The net interest spread is defined as the yield on
interest earning assets less the rates paid on interest
bearing liabilities. For the six months ending June 30,
1997 and 1996, the net interest spread was 3.99% and 3.62%,
respectively. The increase in the spread is due to the
reasons explained above.
The net interest margin is defined as the annualized
difference between interest income and interest expense
divided by average interest earning assets. For the six
months ended June 30, 1997 and 1996, the net interest margin
was 4.67% and 4.24%, respectively. The increase in the
margin is primarily the result of the improved yield on
interest earning assets.
Provision for Credit Losses
For the quarter ended June 30, 1997, there was no
provision for credit losses compared to $1,000,000 for the
corresponding period a year ago.
For the six months ended June 30, 1997, the provision
for credit losses was $1,000,000, compared to $2,500,000 for
the same period of 1996, a decrease of $1,500,000, or 60.0%.
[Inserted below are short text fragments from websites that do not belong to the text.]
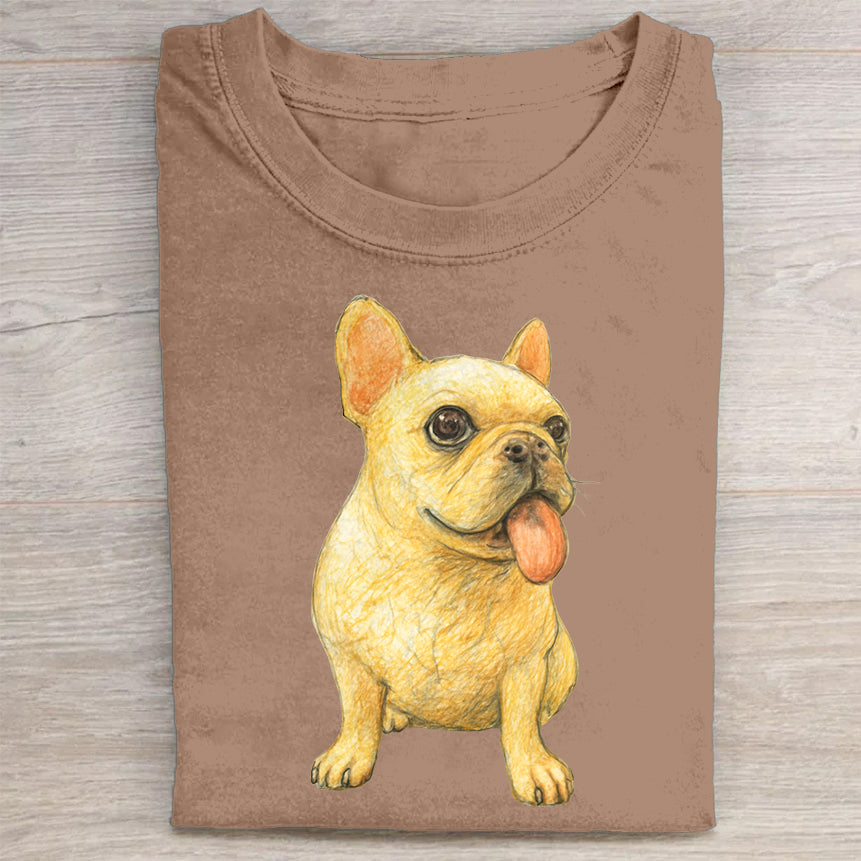 Funny Cute Dog Art Print Casual Short Sleeve T-Shirt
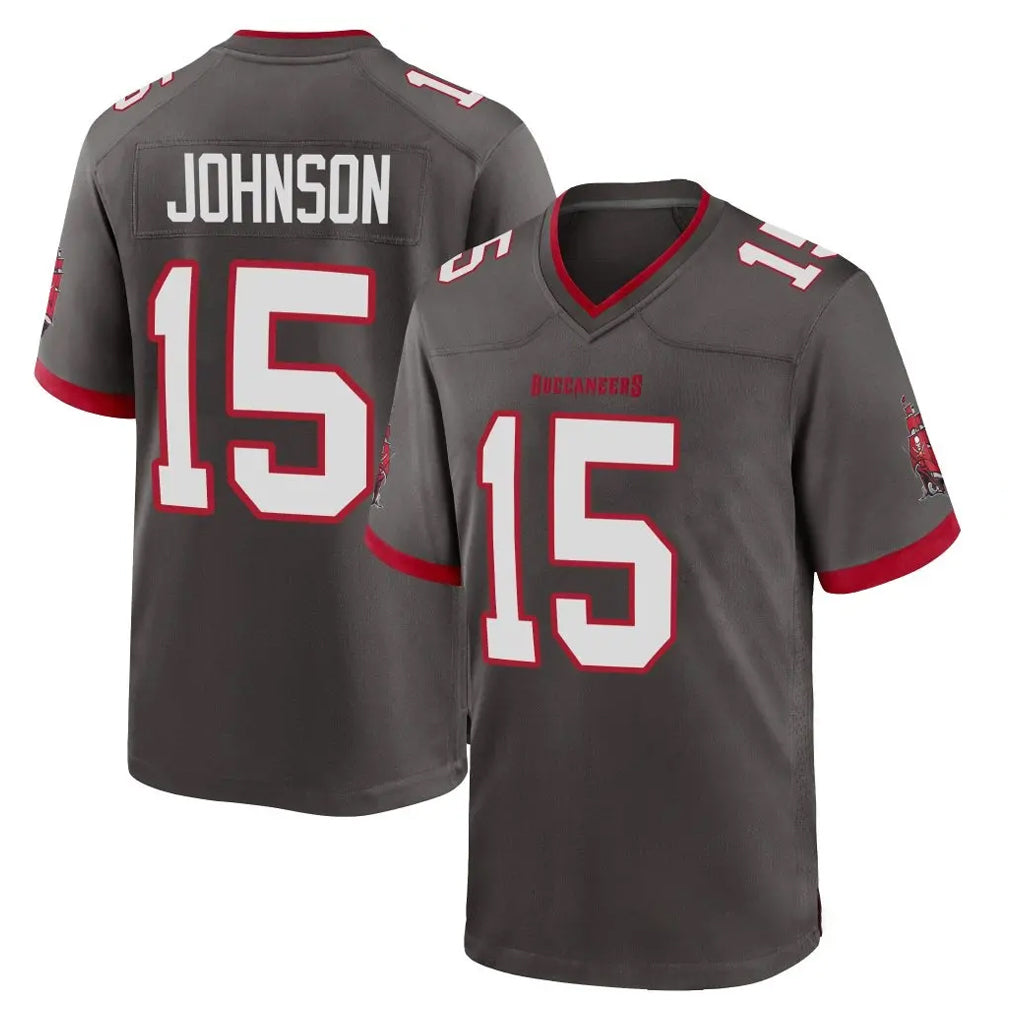 Blackjersey TB.Buccaneers #15 Tez Johnson Player Pewter Alternate Home Game Stitched Jerseys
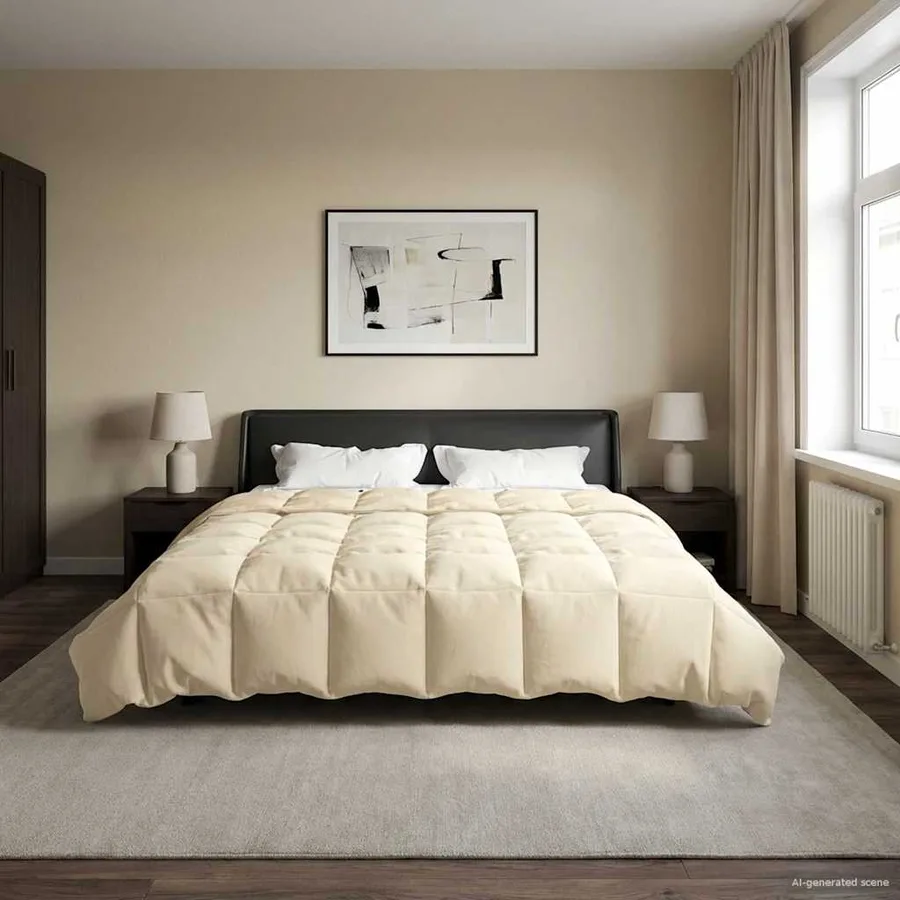 Duvet d'été simple Matelassé Crème 200 x 220 cm Microfibre - 4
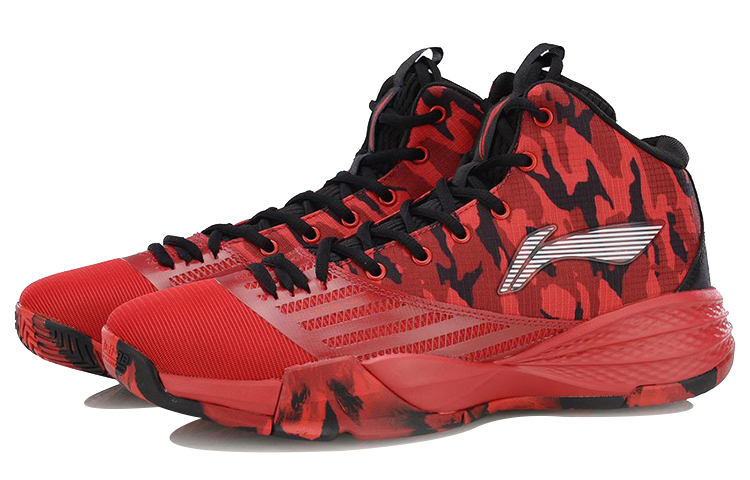 Lookbook Li-Ning Storm High-Top Basketbalschoenen ''Rood Zwart'' ABPP003-5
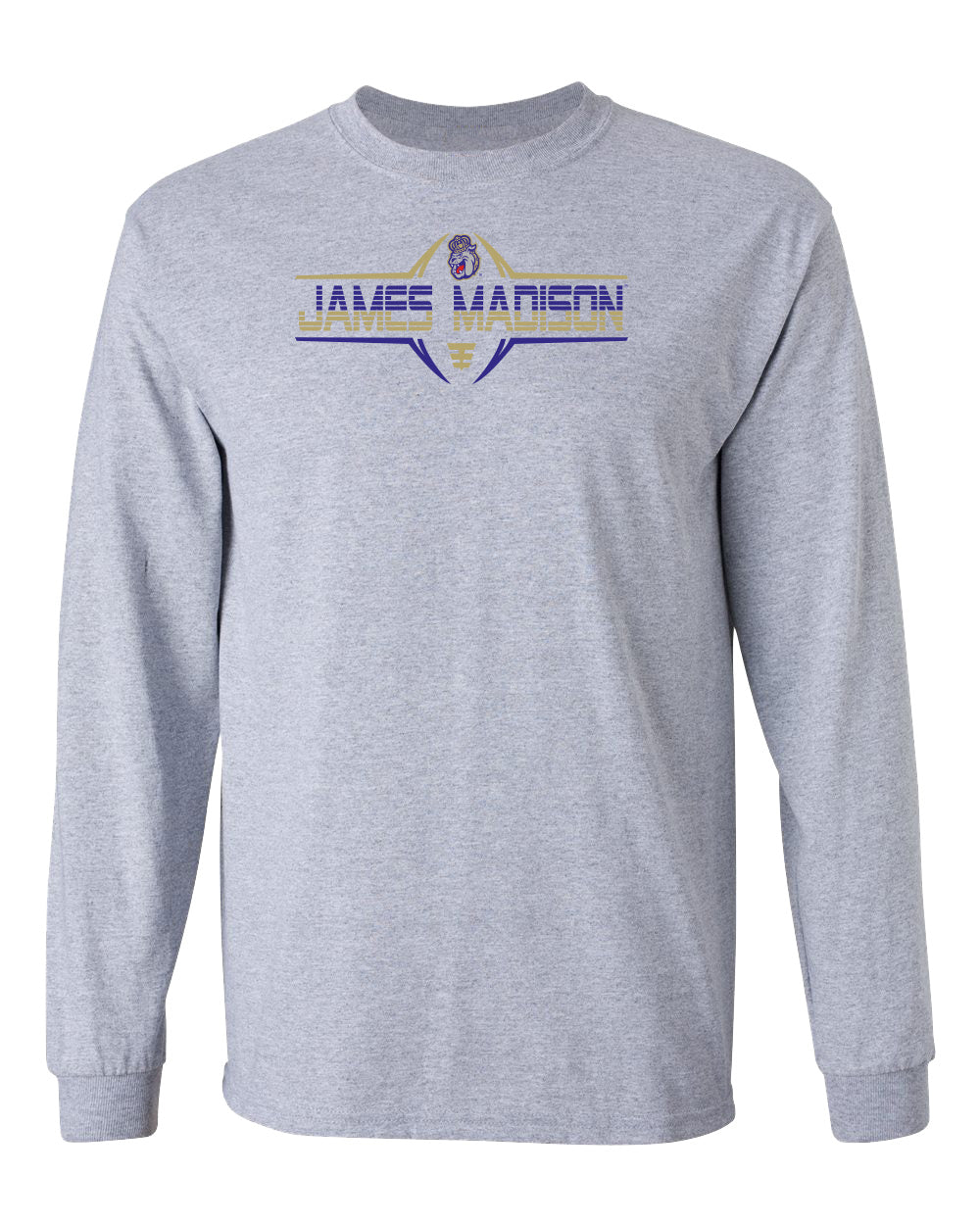 James Madison Dukes Long Sleeve Tee Shirt - Striped James Madison Football Laces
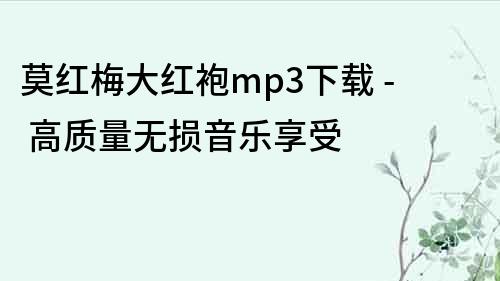 莫红梅大红袍mp3下载 - 高质量无损音乐享受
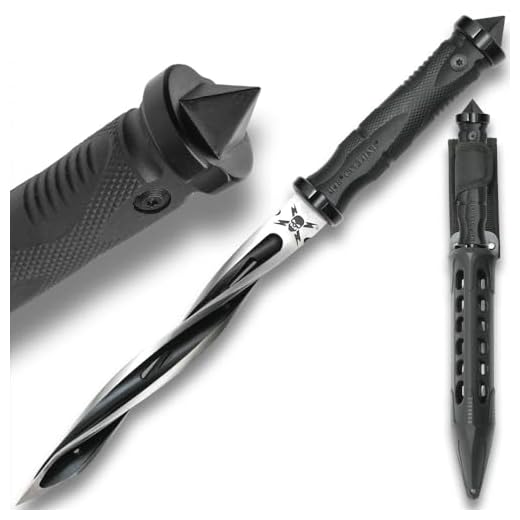 M48 Cyclone Dagger Knife with Custom Vortec Sheath - Cast Stainless Steel Spiral Blade, Piercing Point, Glass Fiber Reinforced Nylon Handle, Stainless Steel Glassbreaker Pommel - Length 13 1/2"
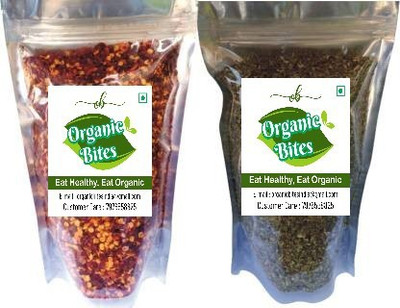 Organic Bites Seasoning Combo Pack of 2 Red Chilly Flakes 100 gm and Oregano Flakes 100 gm I Natural Mathania's Red Chilli Flakes & Oregano Seasoning - (200 gm)(200 g)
The decline in the provision for credit losses
primarily reflects the reduction in non-accrual loans. As
of June 30, 1997, non-accrual loans totaled $9.6 million
compared to $11.7 million and $19.0 million as of December
31, 1996 and June 30, 1996, respectively. The combination
of loans returned to accrual status, repayments, transfers
to OREO and charge-offs, significantly impacted the
reduction of non-accrual loans. The decline in non-accrual
loans and the corresponding decrease in the provision is
also a reflection of the continued improvement of the
Southern California economy, in general, and the quality of
the Bank's real estate loan portfolio, in particular.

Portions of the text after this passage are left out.